Margaret Thatcher

The death of Margaret Thatcher has filled many column inches of our papers this week. Love her or hate her she has stirred almost as much passion in her death as she did in her life. She created a two tier Britain with an affluent South and a devalued North.

The grocer’s daughter understood and appreciated hard work and individualism, qualities which gave her the confidence to reach the top in what had been a man’s world.

As the 1st female prime minister she broke the mould and went on the break the unions! In Scotland she was known as Maggie – and it was not said with affection! Her use of the population North of the Border to experiment with the hated poll tax did not earn her any friends there.

Her callous indifference to the sufferings of the hunger strikers brought the “Troubles” in N Ireland to a new level and cemented the Nationalists opposition to her.

Abroad the Argentine Government, thinking that a female prime minister would roll over and die when they invaded the Falklands, made a gargantuan mistake! I can recall listening with disbelief to the TV broadcast of her speeches as she whipped up enthusiasm in the House of Commons for an all out war to rescue the Falklanders.

In Europe her reputation as “The Iron Lady” was well deserved.
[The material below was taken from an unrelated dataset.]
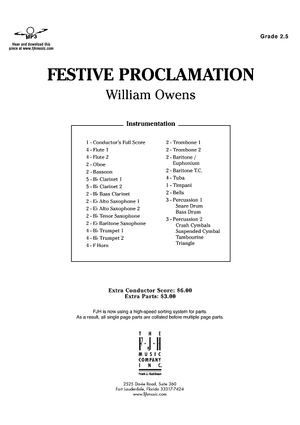 Festive Proclamation - Score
On one occasion when the UK were due a rebate which was not immediately forthcoming she endlessly repeated the phrases, “It’s our money” and “We want it back” and added “There is no alternative”, till she got her way. The expression “to be hand-bagged” arose from such encounters!
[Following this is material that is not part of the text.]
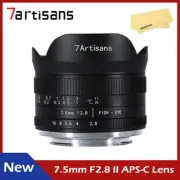 7artisans 7.5mm F2.8 II Manual Fisheye Lens For Sony Fuji Canon Nikon M43 Mount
By the time she left office, the principles known as Thatcherism — the belief that a free (and largely unregulated) market and individual liberty are interdependent, that personal responsibility and hard work are the only ways to national prosperity— had won many disciples at home and abroad.
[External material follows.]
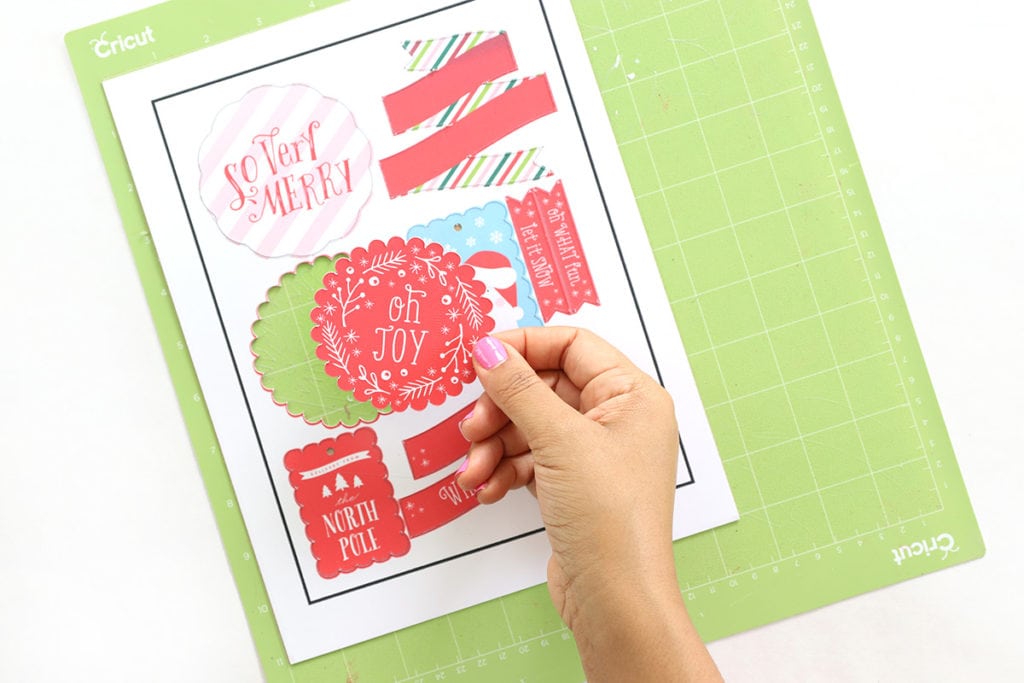 Print Then Cut Holiday Cards with Cricut and Canon | damask love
What comment can we elicit from Scripture?

Baroness Thatcher’s view of reality gives few indications of her faith. The championing of individual effort often at the expense of the good of society brings her into conflict with the work of the Good Shepherd. Indeed her comment on the parable of the “Good Samaritan” to the effect that he would not be remembered if he didn’t have money, speaks volumes!

It is in her single-mindedness to her cause which is reminiscent of Jesus setting his face to go to Jerusalem to complete the work his Father had given him.

As St Paul put it in Philippians Chapter 2; “Do nothing out of selfish ambition or vain conceit. Rather, in humility value others above yourselves, not looking to your own interests but each of you to the interests of the others. In your relationships with one another, have the same mindset as Christ Jesus: who, being in very nature God, did not consider equality with God something to be used to his own advantage; rather, he made himself nothing by taking the very nature of a servant, being made in human likeness. and being found in appearance as a man, he humbled himself by becoming obedient to death— even death on a cross! Therefore God exalted him to the highest place and gave him the name that is above every name, that at the name of Jesus every knee should bow, in heaven and on earth and under the earth, and every tongue acknowledge that Jesus Christ is Lord, to the glory of God the Father.”

So place your faith into the completed work of Jesus. As Maggie would say “There is no alternative!”